# Paph. Vipanii



## SlipperFan (Oct 13, 2010)

niveum x philippinense. Best blooming yet.


----------



## Ernie (Oct 13, 2010)

Wow! That's striking. The staminode is eye catching.


----------



## paphioboy (Oct 13, 2010)

wow... Awesome blooming... Great job!


----------



## John M (Oct 13, 2010)

Wow! Wow! Wow! I love it! Very well done, Dot!


----------



## Candace (Oct 13, 2010)

You're killing me.


----------



## SlipperKing (Oct 13, 2010)

Yep, Dang nice flower!


----------



## jblanford (Oct 13, 2010)

OH BOY!! I like that one for sure..... Jim.


----------



## ncart (Oct 13, 2010)

Wow! That is beautiful. Mine never bloomed.


----------



## Yoyo_Jo (Oct 13, 2010)

Oh wow, that is AMAZING!!! I love the pure white pouches. :clap:


----------



## KyushuCalanthe (Oct 13, 2010)

DOT! WOW! :clap::clap::clap:


----------



## Paph_LdyMacBeth (Oct 13, 2010)

I GOT SOOOOOOOOO EXCITED WHEN I SAW THIS POST! (pleased to report I was NOT disappointed)
I love this plant for this very reason! 
STUNNING! 
Can you post a few close ups of the flowers?


----------



## NYEric (Oct 13, 2010)

One of my favorites! Are you growing this under lights? Why wont my Paphs bloom!?


----------



## emydura (Oct 14, 2010)

Stunning Dot. This seem a nice reliable plant for you.

David


----------



## Roy (Oct 14, 2010)

The above replies say it all !!!!!!!!!!! WOW


----------



## paphreek (Oct 14, 2010)

Beautiful, Dot!


----------



## Ernie (Oct 14, 2010)

NYEric said:


> Why wont my Paphs bloom!?



Because they know their full glory won't be properly documented with your photography. (ouch- hey, everyone was thinking it). oke: :rollhappy:


----------



## fbrem (Oct 14, 2010)

add my compliments to the list because that is an unstoppable plant. sorry Eric but lmao Ernie, that was cold.


----------



## musiclovertony (Oct 14, 2010)

Wow!!!


----------



## Kavanaru (Oct 14, 2010)

gorgeous!! Very nice plant and great shot!


----------



## Kavanaru (Oct 14, 2010)

Ernie said:


> Because they know their full glory won't be properly documented with your photography. (ouch- hey, everyone was thinking it). oke: :rollhappy:



LOL :rollhappy:

Ernie, that was mean, but I had to laugh really loud!! (my mother even came here to see why I had laughed!) 

sorry, Eric...


----------



## smartie2000 (Oct 14, 2010)

that is a spectacular blooming. Great job!


----------



## toddybear (Oct 14, 2010)

OMG! Yaaahhhhh niveum!


----------



## raymond (Oct 14, 2010)

wow very nice flowers


----------



## SlipperFan (Oct 14, 2010)

Paph_LdyMacBeth said:


> Can you post a few close ups of the flowers?

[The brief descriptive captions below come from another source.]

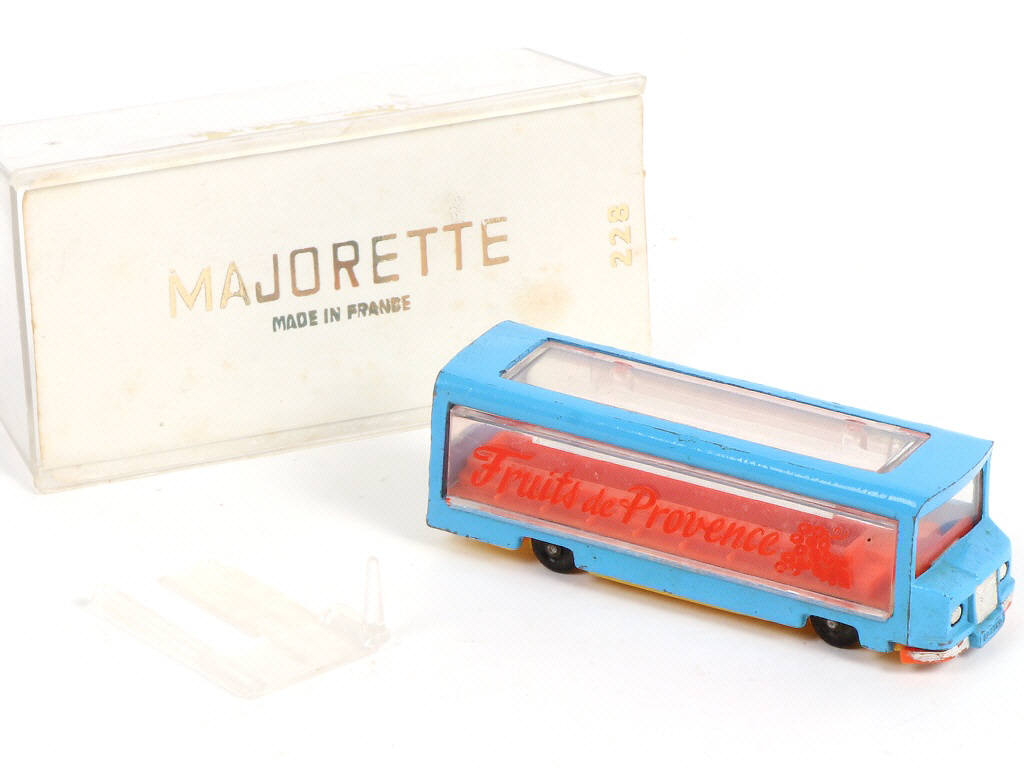 Lot 218 - MAJORETTE (FRANCE) (1)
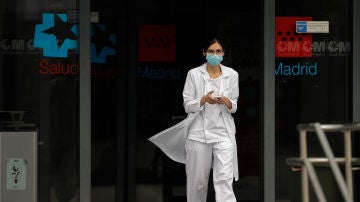 Una enfermera sale de un hospital madrileño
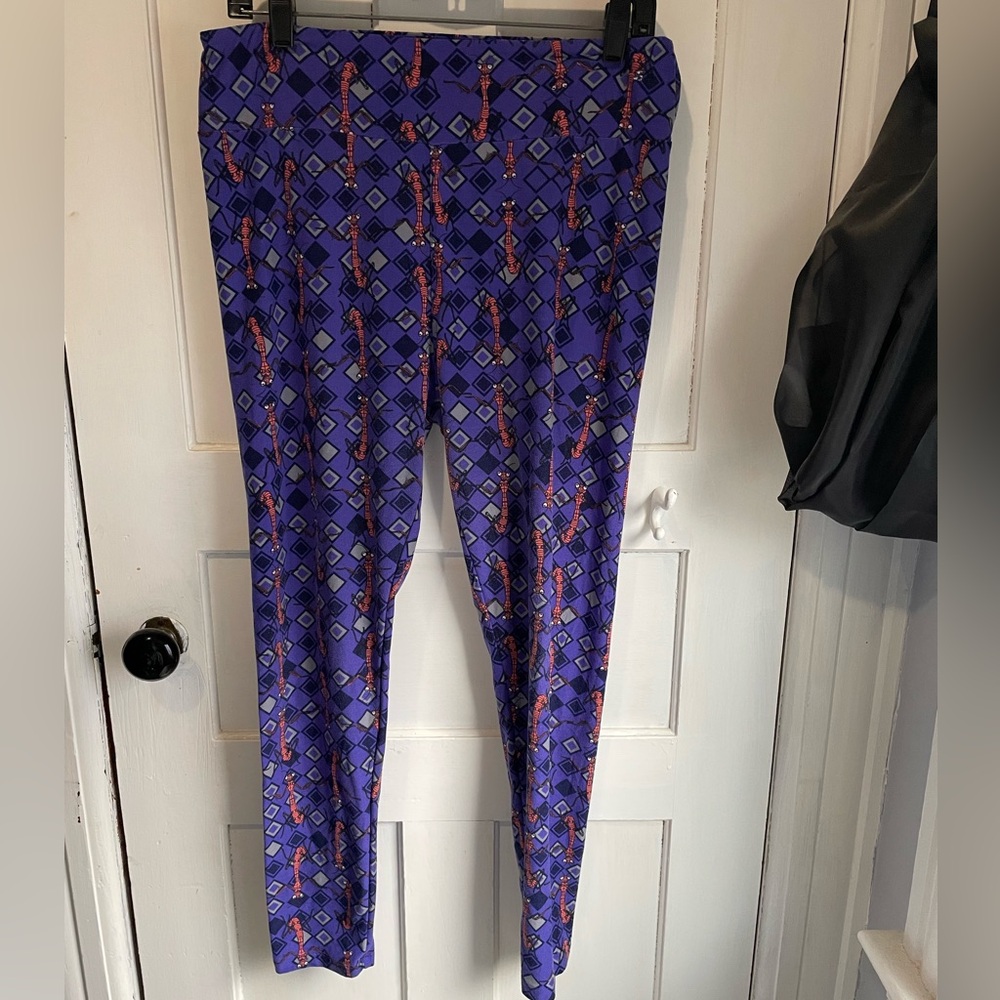 LuLaRoe Praying Mantis Tall & Curvey Leggings
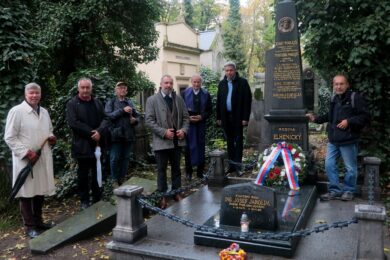 Slavnostní odhalení obnoveného hrobu významného architekta, stavitele a bývalého smíchovského starosty Aloise Elhenického.
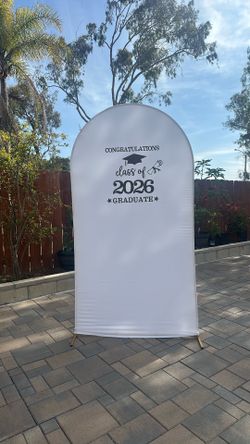 7.2ft Arch with 2026 Graduation vinyl sticker
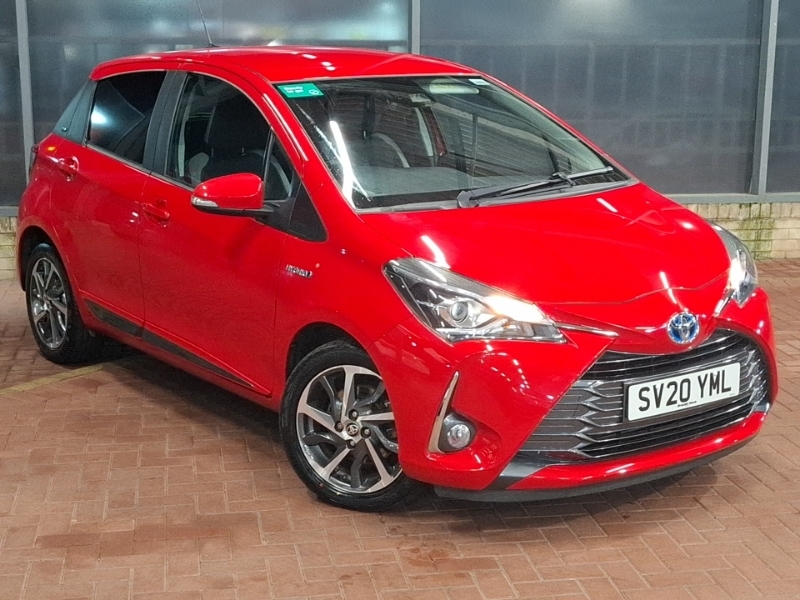 Toyota Yaris 1.5 Hybrid Y20 Cvt Bi-tone Red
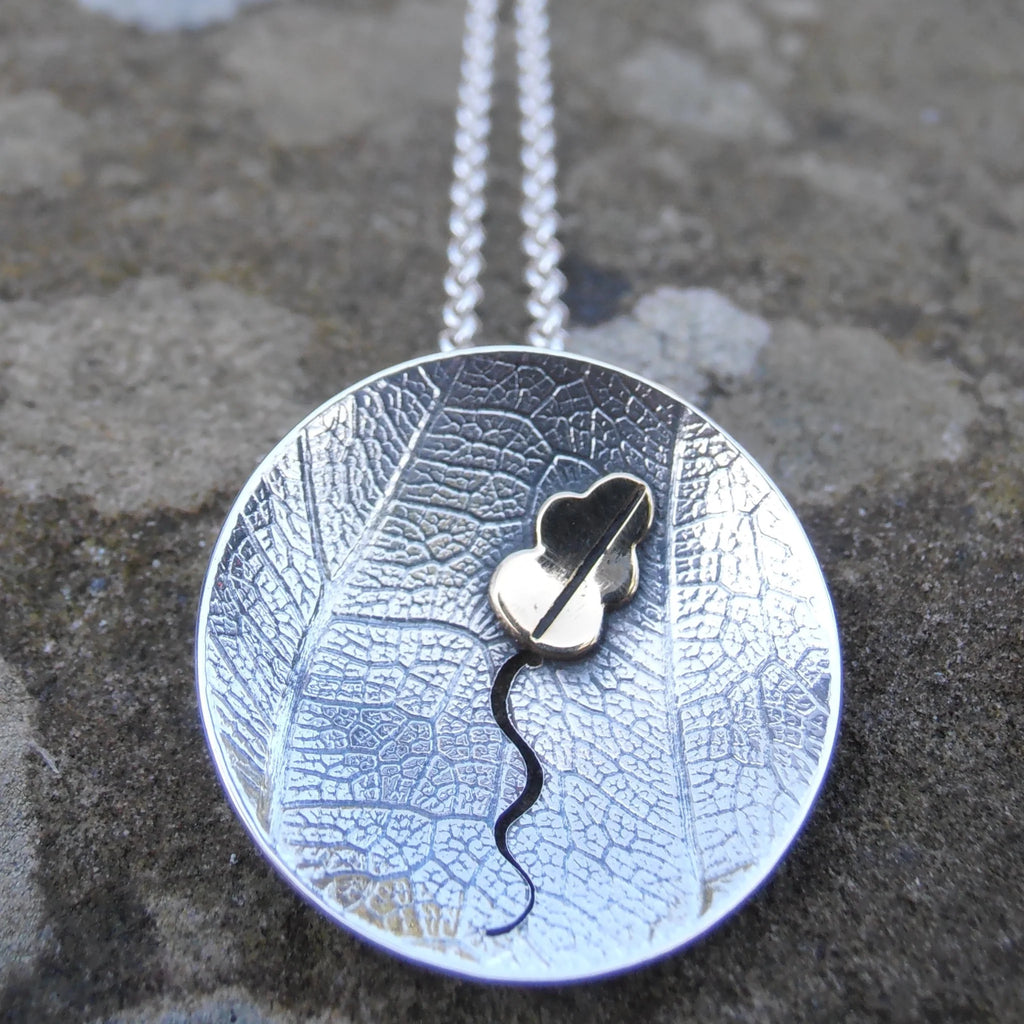 Banshee Silver Oak Tree Necklace Siopa An Carn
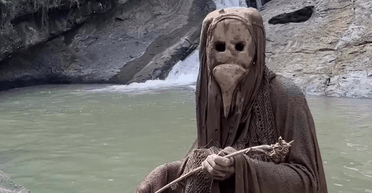 Охороняє священний водоспад: блогер показав "найстрашніше плем'я" в незвичайному одязі (фото)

I'll try to take some photos tomorrow.


NYEric said:


> One of my favorites! Are you growing this under lights? Why wont my Paphs bloom!?


Under shade cloth under a tree in the Summer. Inside under lights in my warm basement "greenhouse."


emydura said:


> Stunning Dot. This seem a nice reliable plant for you.
> David





fbrem said:


> add my compliments to the list because that is an unstoppable plant.


David and fbrem -- It has been a good grower and bloomer. Keep your fingers crossed that it will continue to be "unstoppable".

Thanks, everyone!


----------



## JeanLux (Oct 15, 2010)

Bravo, great plant and blooms!!!! Jean


----------



## NYEric (Oct 15, 2010)

Ernie said:


> Because they know their full glory won't be properly documented with your photography. (ouch- hey, everyone was thinking it). oke: :rollhappy:



:sob: And this used to be such a warm and friendly place.


----------



## paphioboy (Oct 15, 2010)

NYEric said:


> :sob: And this used to be such a warm and friendly place.



Lesson learnt: Take photography lessons to make your paphs bloom... oke:


----------



## chrismende (Oct 15, 2010)

Wonderful! How many seasons have you had the plant?


----------



## fibre (Oct 15, 2010)

Very beautyfull! One of my favorite philippinense hybrids!


----------



## NYEric (Oct 15, 2010)

paphioboy said:


> Lesson learnt: Take photography lessons to make your paphs bloom... oke:



I wonder inversely if blooming more paphs will improve my photography! :crazy:


----------



## Shiva (Oct 15, 2010)

Magnificient growing Dot! :clap::clap::clap:


----------



## SlipperFan (Oct 15, 2010)

Paph_LdyMacBeth said:


> Can you post a few close ups of the flowers?


Here you are:














chrismende said:


> Wonderful! How many seasons have you had the plant?


Chris -- Time passes so quickly, and I don't record when I purchase something. But I would guess 5-6 years.


----------



## etex (Oct 15, 2010)

WOW-:drool::drool: Perfect blooms- love the pristine white pouch, and every other part of these gorgeous blooms!!


----------



## John M (Oct 15, 2010)

Wow, again! Those close-ups are so cool! Look at that staminode sheild...I love it!


----------



## Paph_LdyMacBeth (Oct 15, 2010)

WOW


This is hands down the most stunning Paph ever (IMHO)!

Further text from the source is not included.